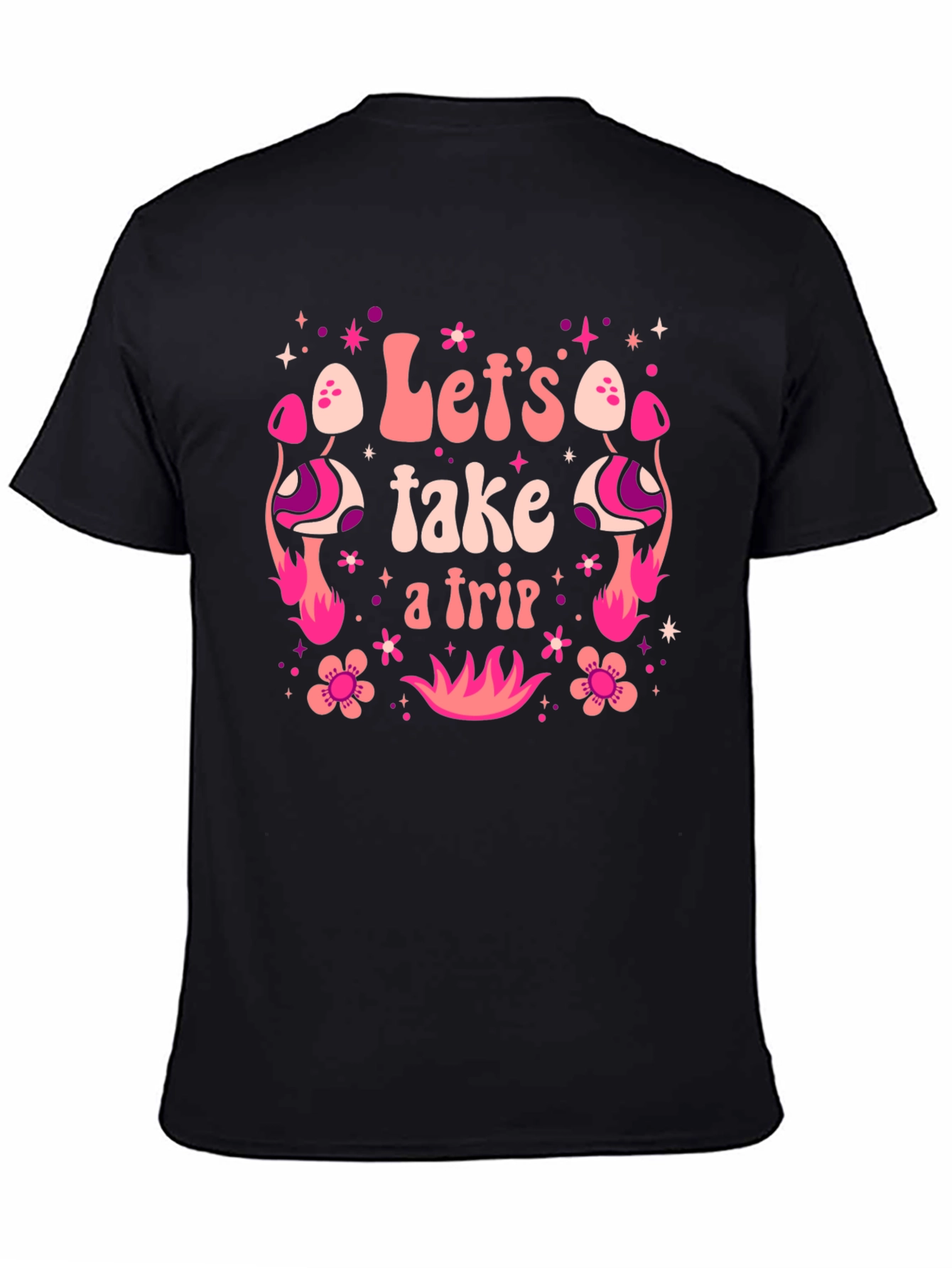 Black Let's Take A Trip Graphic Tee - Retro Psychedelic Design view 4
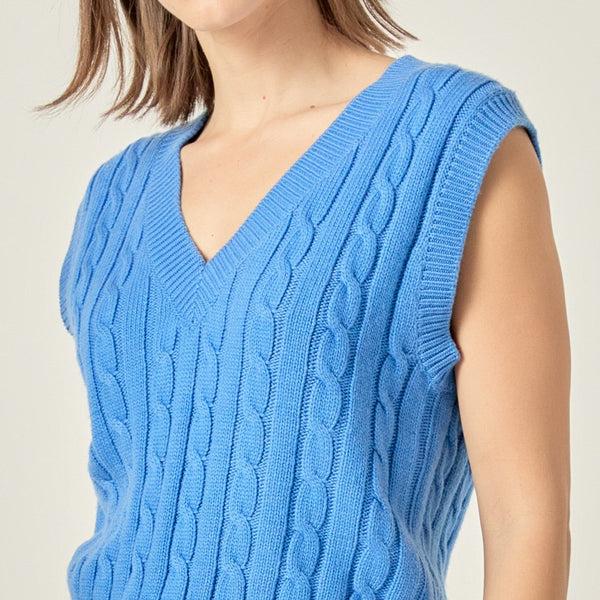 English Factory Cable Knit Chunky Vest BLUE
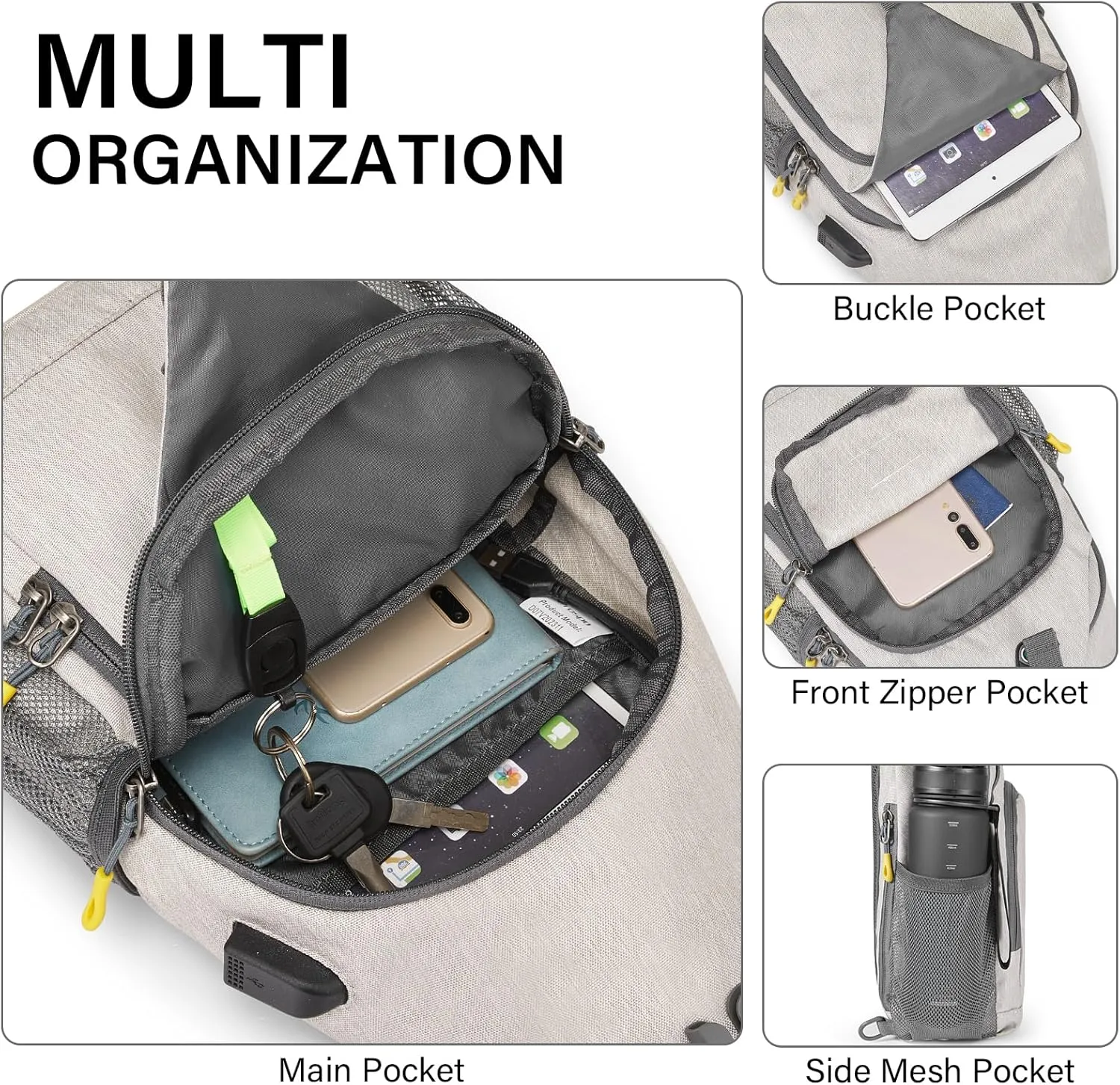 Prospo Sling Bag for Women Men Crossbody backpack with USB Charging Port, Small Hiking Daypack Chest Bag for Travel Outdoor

::::::

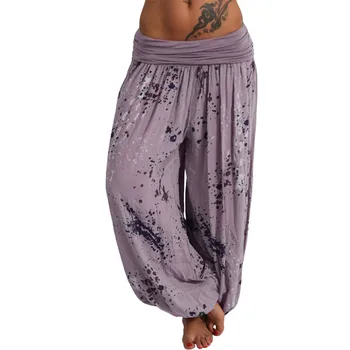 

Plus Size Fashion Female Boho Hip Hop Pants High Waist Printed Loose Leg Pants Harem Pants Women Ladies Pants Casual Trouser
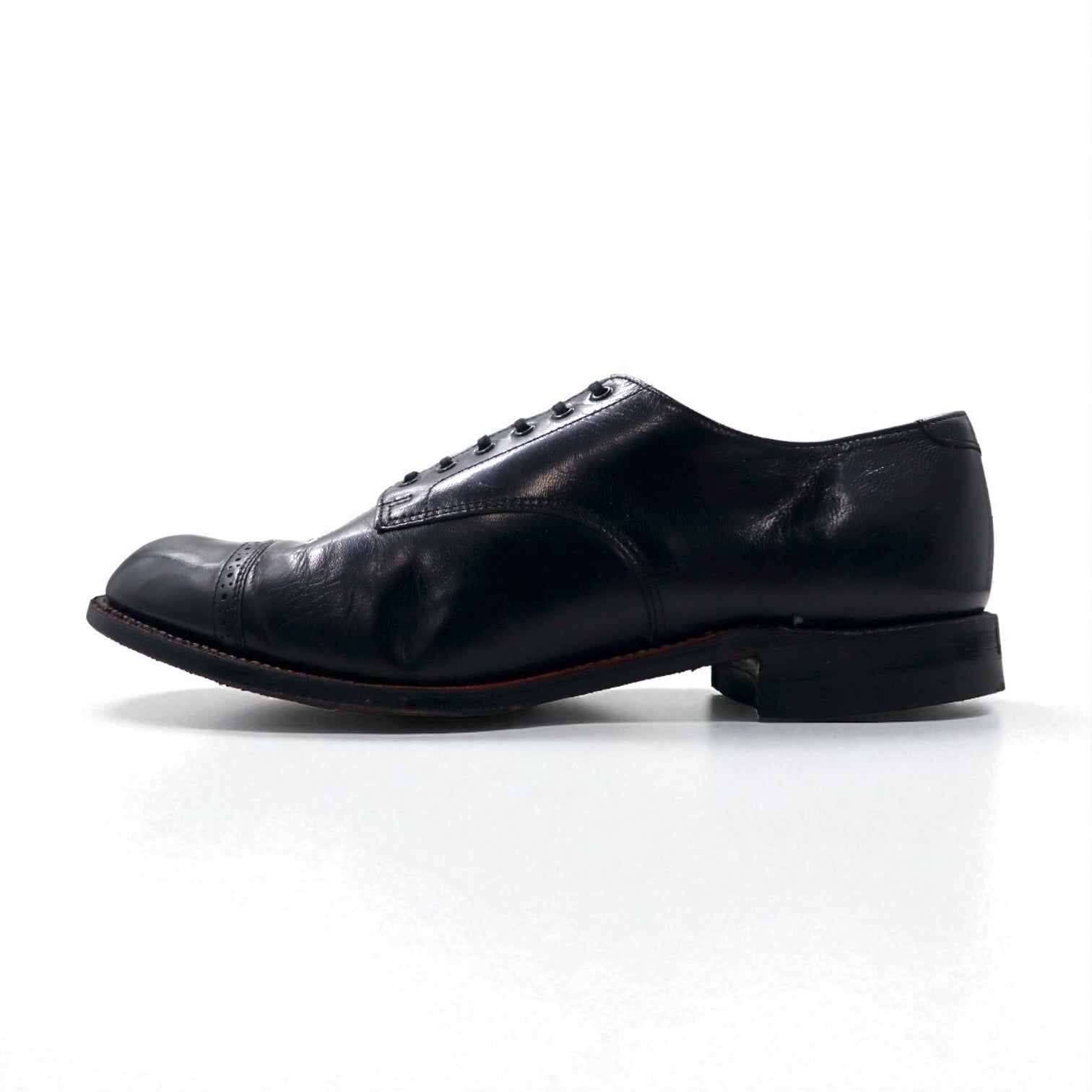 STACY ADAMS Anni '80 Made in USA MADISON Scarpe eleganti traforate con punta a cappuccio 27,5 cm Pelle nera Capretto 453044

::::::

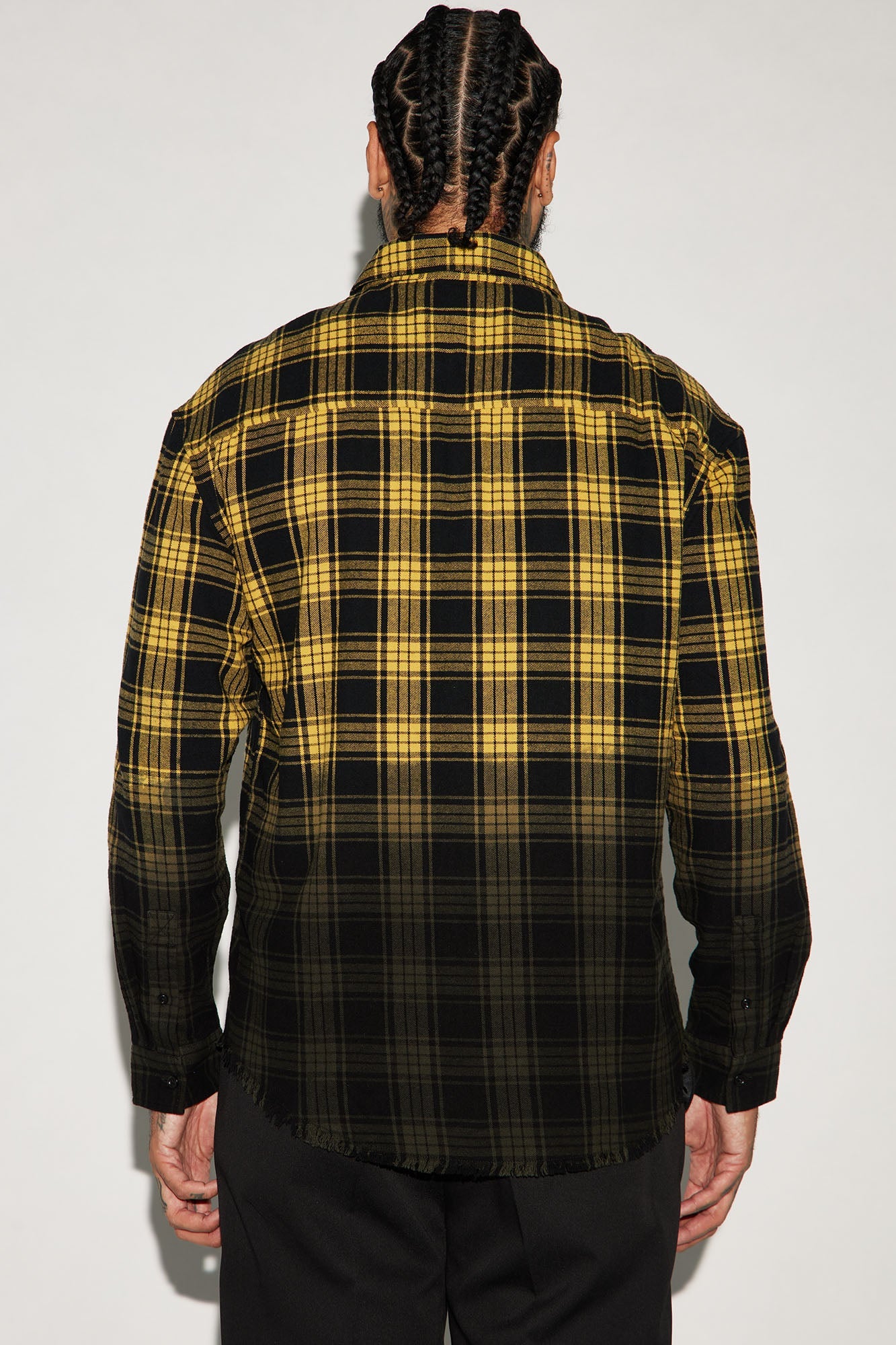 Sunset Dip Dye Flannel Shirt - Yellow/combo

::::::

■ Instructions for the task ■
Leaving pictures out, output the lines of the data above from the one with "English Factory Cable Knit Chunky Vest BLUE" through the one with "Prospo Sling Bag", word for word.

■ Written answer ■
 English Factory Cable Knit Chunky Vest BLUE
 Prospo Sling Bag for Women Men Crossbody backpack with USB Charging Port, Small Hiking Daypack Chest Bag for Travel Outdoor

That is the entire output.